The preceding discussions make us understand that mothers and their daughters resisted when they were confronted with non-enrolment decisions. They did not do this in isolation; they formed alliances to be able to turn their situations around. These allies were usually the reason the use of power-with (Lukes, Citation1974/2005) was possible for the women and their daughters. It explains how power is used in solidarity with others. They also resisted in unusual ways, and these included first, giving advice that did not conform to traditional expectations of a woman and interfering in the affairs of others invited or uninvited.
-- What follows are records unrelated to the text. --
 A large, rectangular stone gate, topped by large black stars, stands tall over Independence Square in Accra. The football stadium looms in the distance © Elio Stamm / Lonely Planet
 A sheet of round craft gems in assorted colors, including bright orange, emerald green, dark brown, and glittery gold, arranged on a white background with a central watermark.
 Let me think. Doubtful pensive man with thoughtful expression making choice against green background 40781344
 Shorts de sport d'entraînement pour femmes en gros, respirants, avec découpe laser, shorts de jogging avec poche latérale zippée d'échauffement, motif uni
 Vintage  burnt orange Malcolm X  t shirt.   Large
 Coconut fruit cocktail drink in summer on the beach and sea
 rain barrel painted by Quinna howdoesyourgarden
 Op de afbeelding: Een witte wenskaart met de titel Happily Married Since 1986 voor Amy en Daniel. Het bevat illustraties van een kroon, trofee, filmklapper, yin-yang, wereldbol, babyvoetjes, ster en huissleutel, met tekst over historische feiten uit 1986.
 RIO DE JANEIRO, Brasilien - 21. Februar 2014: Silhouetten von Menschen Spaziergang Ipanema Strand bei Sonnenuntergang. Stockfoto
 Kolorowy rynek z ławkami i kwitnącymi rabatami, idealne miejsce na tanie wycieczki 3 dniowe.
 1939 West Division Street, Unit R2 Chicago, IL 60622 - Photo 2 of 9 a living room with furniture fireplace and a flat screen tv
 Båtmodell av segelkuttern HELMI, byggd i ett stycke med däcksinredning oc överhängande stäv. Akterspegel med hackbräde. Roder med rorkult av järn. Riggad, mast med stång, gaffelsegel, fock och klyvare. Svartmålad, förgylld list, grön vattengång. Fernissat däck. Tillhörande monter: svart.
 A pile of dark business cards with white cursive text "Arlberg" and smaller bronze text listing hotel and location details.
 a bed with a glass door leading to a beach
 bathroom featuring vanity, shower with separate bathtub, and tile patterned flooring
Giving advice that does not conform to the traditional expectations of women

Allies as seen here gave advice that challenged the traditional gender expectations of women within the structural distribution of norms and responsibilities. They did this through the application of their power-to change. Applying power-to as collective agency produces power-with and resisting non-enrolment decisions this way as a collective have impact. Their modus operandi was also covert and subtle. Maame Yaa, a friend of Maame Boa, recalls the advice she gave Maame Boa whenever Maame Boa came running to her with her daughter’s education access issues in the extract below:

She is my friend, and we converse. She told me when the whole thing started, and we kept talking about it throughout. I told her to be skilful. Anything like when you are washing your husband’s cloth and you see money in his pocket you take it. When he gives you money to purchase something, you buy it and quote your price or the money should even get missing on the way, you know what I mean? In desperate times, you take his money which he is saving and if he does not notice fine, however, if he does, just concoct something. You can even help him to search for it. So, this is quite simple you just must have a very sharp eye to see when and if he has money so that you can take it and be skilful and just apologize if you are caught with ready excuses. Some of these excuses are inexcusable because you may not always be logical and coherent in your explanation of why monies entrusted under your care continue to get missing but you know what, there is always a way, when you show your husband that you feel very disrespected by his constant confrontations about missing moneys because you will never take or hide his money, you can indirectly force him to let the issue slide. That is how we do it, and as women we must do what must be done to get what we want otherwise our daughters will not have gone to school.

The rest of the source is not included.